Con ricorso depositato in data 19 novembre 2002 presso il Tribunale di Napoli, C.G. e gli altri litisconsorti in epigrafe, riferivano di essere tutti dipendenti dell'A.N.M. con mansioni di autista da oltre 5 anni e di essere obbligati dall'azienda ad utilizzare una specifica divisa ex R.D. 8 gennaio 1931, n. 148, allegato A, art. 2, ed Accordo Nazionale del 19 febbraio 1948, art. 11, come integrato dall'art. 50 del contratto collettivo nazionale del 23 luglio 1976.

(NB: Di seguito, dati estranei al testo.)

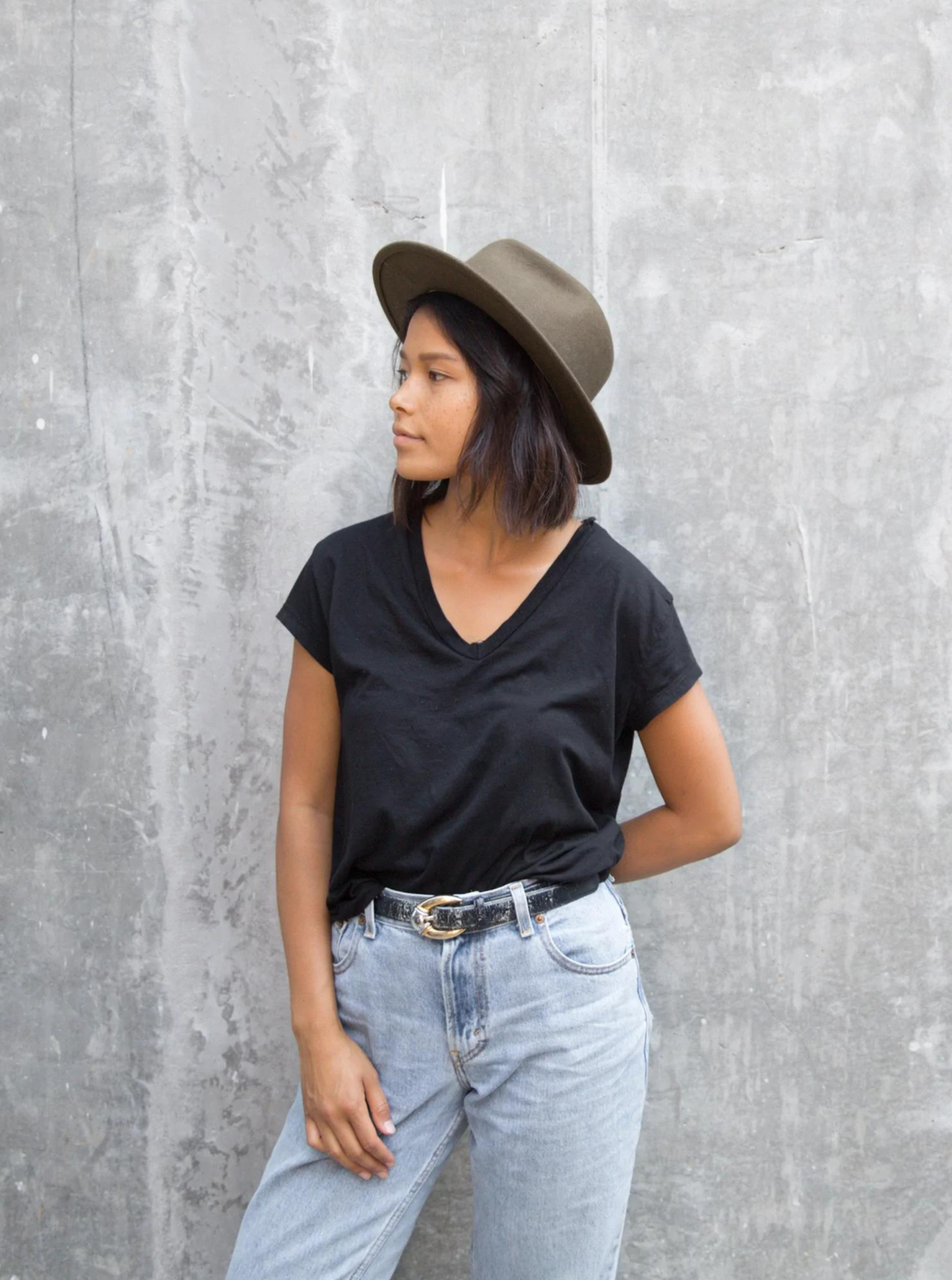 Yellow 108 Olive Green - Eastwood -  Felt Fedora EASTWOOD - OLIVE – Koraa main image 4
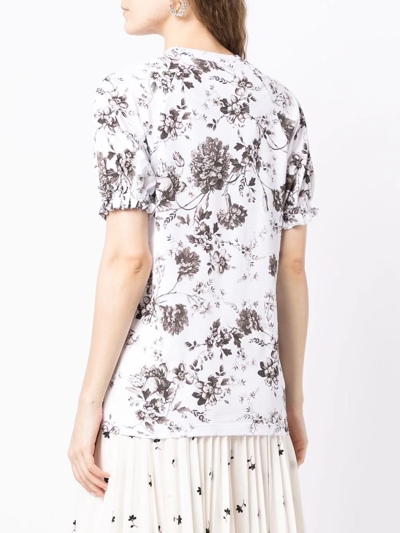 Shop Erdem Beatrice Floral-print Cotton T-shirt In White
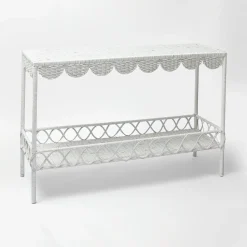 Mrs. Alice Madeleine White Rattan Scalloped Console Table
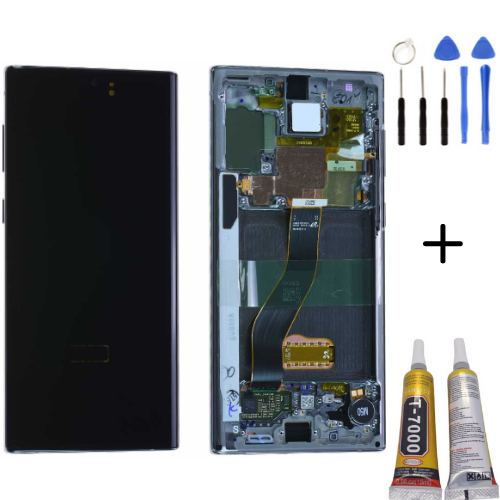 TE Samsung Note 10 N970 Uyumlu Çıtalı Lcd Ekran Mavi +Montaj Kiti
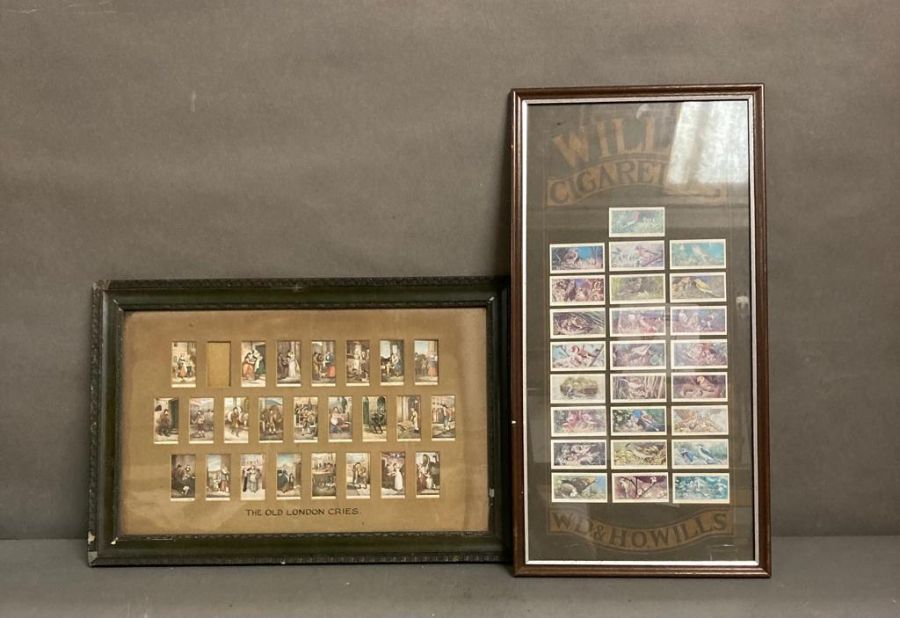 Two framed collections of cigarette cards. Wills and The Old London Cries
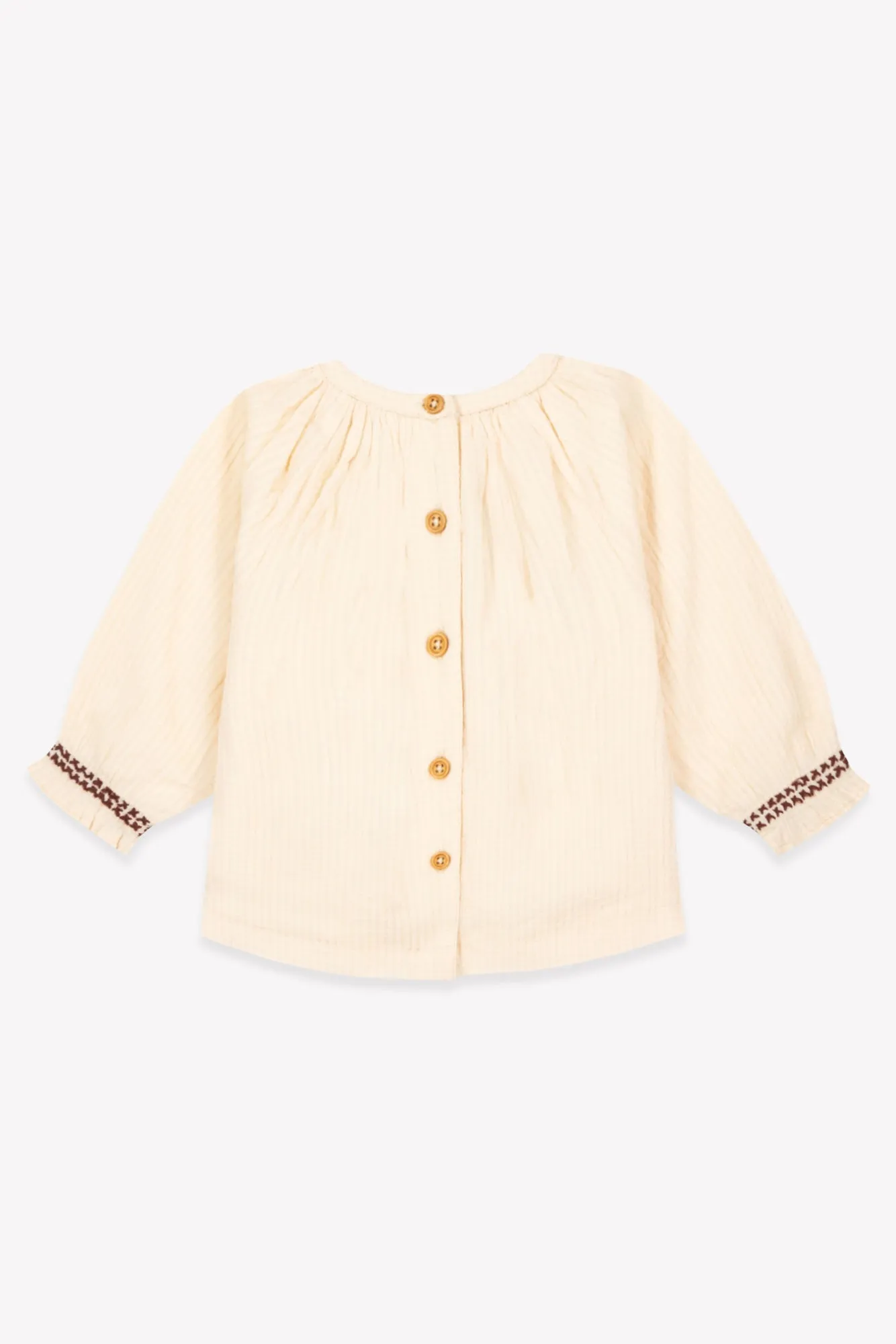 Bonton Flower Milk bluse ecru smock broderet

L'Azienda non aveva però provveduto a mettere a loro disposizione uno spogliatoio dove potevano cambiarsi e riporre i loro abiti civili come impostole dal D.P.R. n. 303 del 1956, art. 40, novellato dal D.Lgs. n. 626 del 1994.

Tutto ciò premesso, i ricorrenti chiedevano la condanna dell'Azienda convenuta a predisporre un idoneo numero di spogliatoi nei locali presso cui prendevano servizio ed al risarcimento del danno procurato dalla violazione del suddetto art. 40.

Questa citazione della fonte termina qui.